Friday, January 23, 2015
Aging is so often brutal, but I swear were it not for my mother's arthritic pain and inability to move under her own steam due to the Parkinson's, it might be a much gentler thing. She speaks to her sisters and brothers on the other side, and her mind floats freely between past and present, and parallel universes too, I suspect. She said that her sister Winnie came to visit her, and they had such a lovely talk. My brother's wife raised an eyebrow and said, "Are you sure about that?" which made my mother pause. She looked at her calculatingly and said, "Winnie is one of the dead ones?"
They are all alive to her, moving at will between this world and the next, and my mother is always glad when they visit. In fact, her sisters who are still with us on this side, the two who are as frail as she is and unable to travel, seem more gone to her than the ones who have already passed, perhaps because she is unable to commune with them as she has been used to communing with her sisters for going on ten decades.
Last night she hardly slept. The woman who sleeps in the room with her told me she was calling for me all night, from midnight until about four, wanting to tell me it was time for us to get dressed so that we could cut her birthday cake. I was in the basement where my husband and I are ensconced; but I did not sleep either. I tossed and turned all night, maybe hearing my mother calling me in some dimension I could not quite reach.
She says, again and again, "We have been so blessed." She has been saying this all along. It is the one constant, the words that come out clearer than any others. She told me once that she used to pray that she wouldn't lose her mind as she aged but that she forgot to pray for her body. I wonder sometimes which is the greater grace, an agile mind or a strong, pain-free body. It seems to me now that a mind capable of skipping between worlds and collapsing linear time might be no price at all to pay to avoid the extreme of physical infirmity. It is not my mother's so-called mental confusion that distresses me; it is her discomfort in her skeletally thin and twisted body, her unremitting pain.
We are having cake and ice cream for her birthday this afternoon, even though her actual birthday is tomorrow. One of my cousins, the niece who has been a stalwart for her, has to travel out of town tomorrow and so we moved the date. My mother lately thinks every day is her birthday so it's a small thing to celebrate today so that my cousin can be part of the festivities. We'll celebrate again tomorrow.
Wednesday, January 21, 2015
For the record, I thought our president's State of the Union address last night was rousing and wonderful. I loved his passion, his confidence, his inclusiveness, his moral high ground, and yes, his cheekiness in response to the snark shown by the GOP-controlled congress. "I have no more campaigns to run," he said at one point, and when the Repubs started to snicker derisively, he looked at them for a beat and shot back, "Yes, I know, because I won both of them," which I interpreted to mean I know your ass is happy not to be going up against me again because you'd lose again. On twitter this morning some people are saying this was arrogant, but why not call out the Republican floor for the disrespect that invited that response? I loved it. In fact, I kind of fell back in love with Obama last night, and even though some partisan pundits are grumbling and picking his speech apart this morning, the fact is, the man is brilliant and with a sense of service and civic duty that is rare in a politician. Thank God he's also a tough or this hateful Congress would have incinerated him. And thank God his idealism (and ours) is in tatters so that he can do what's necessary without the need to pay homage to the lie of bipartisanship, which let's face it, ain't gonna happen as long as his skin is sweet honey brown and his party affiliation is Democrat.

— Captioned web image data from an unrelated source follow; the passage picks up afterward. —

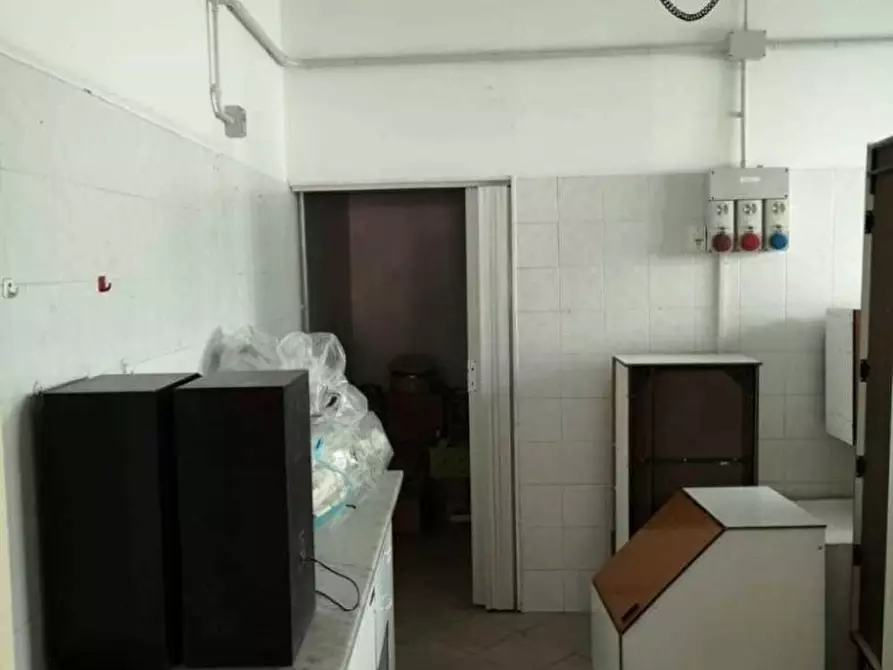 Immagine 8 di Negozio in affitto  a Seravezza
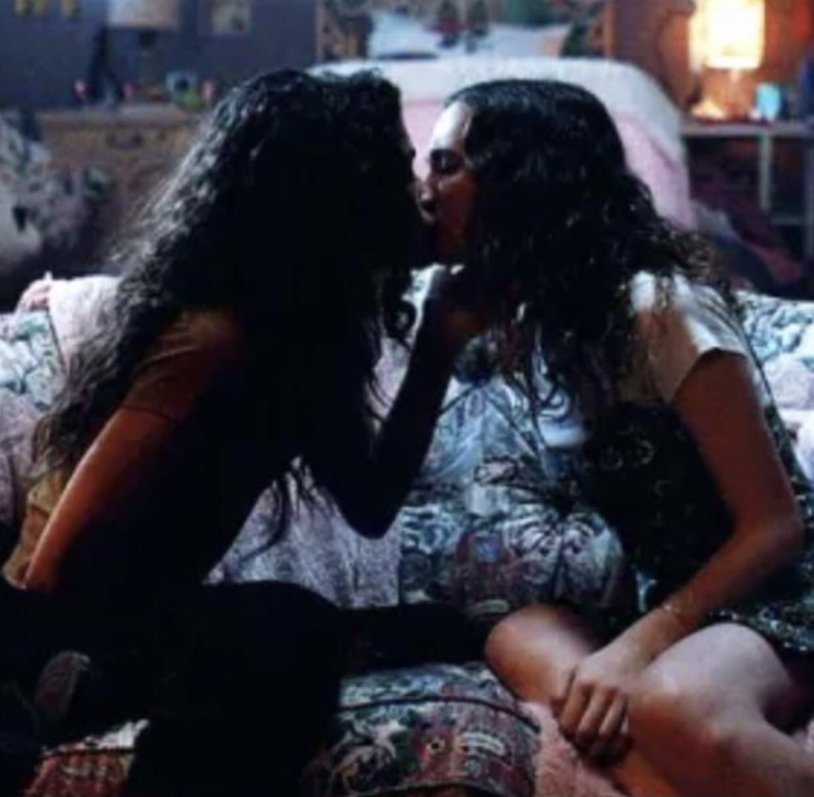 Zendaya and Jules kiss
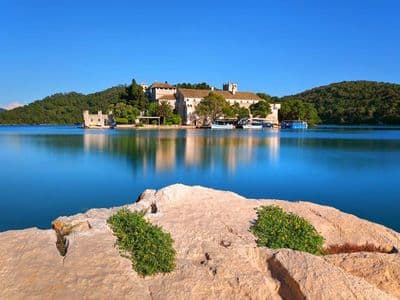Mljet nacionalni park — iznajmljivanje jahte Hvar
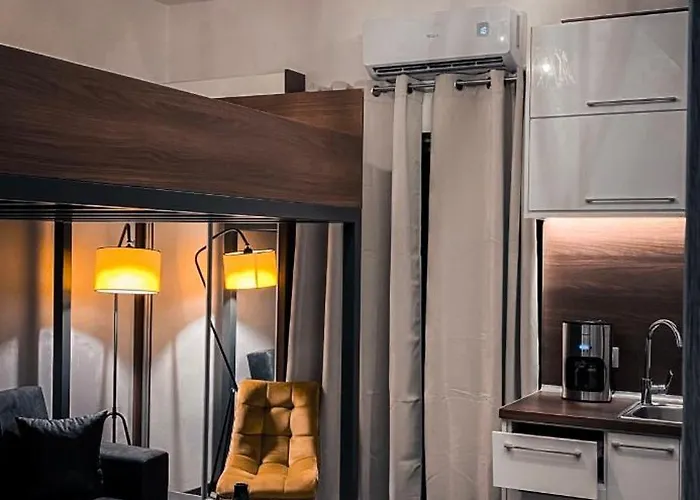 Modern Tiny House In Volos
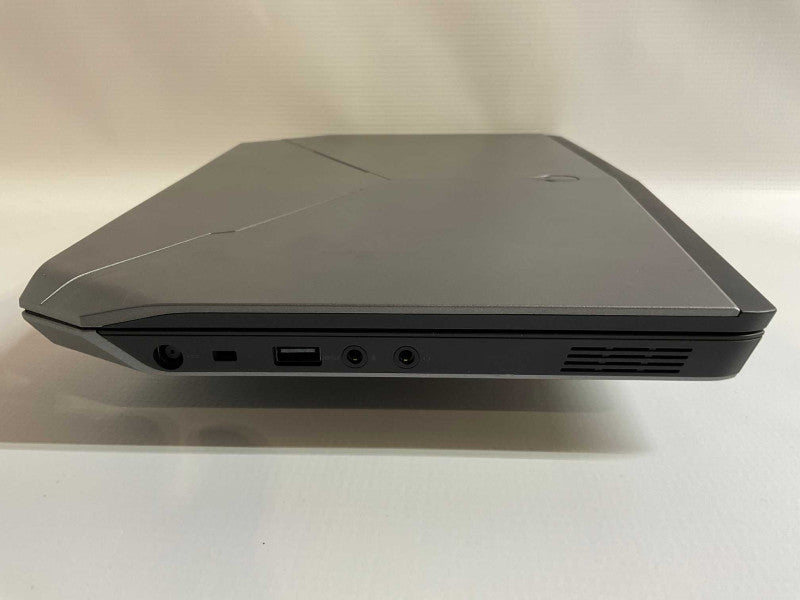 DELL Alienware 13 R2 with i7-6500U CPU 16GB RAM & 256GB NVMe Storage READ  -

In other news, the man and I are flying to Jamaica today to see my mom and celebrate her 93rd birthday with her. Laundry and packing are happening even as I sit here and our cab to the airport will be downstairs waiting for us very soon.
Tuesday, January 20, 2015
After a chock-full weekend of activities and events, yesterday it was just the man and me, home alone all day, our girl gone back to school, our son at work, and the two of us here, companionable. We were mostly in different rooms, passing through to make this comment or that to each other, but really just knowing with a quiet sense of comfort that the other was there. I did some work, pushing to get my book project done, while my husband mostly read and watched TV, enjoying his day off from work. We didn't march in any MLK day marches. We just stayed in. As Mary, the minister of our church said from the pulpit one Sunday, "Sometimes self care is a revolutionary act."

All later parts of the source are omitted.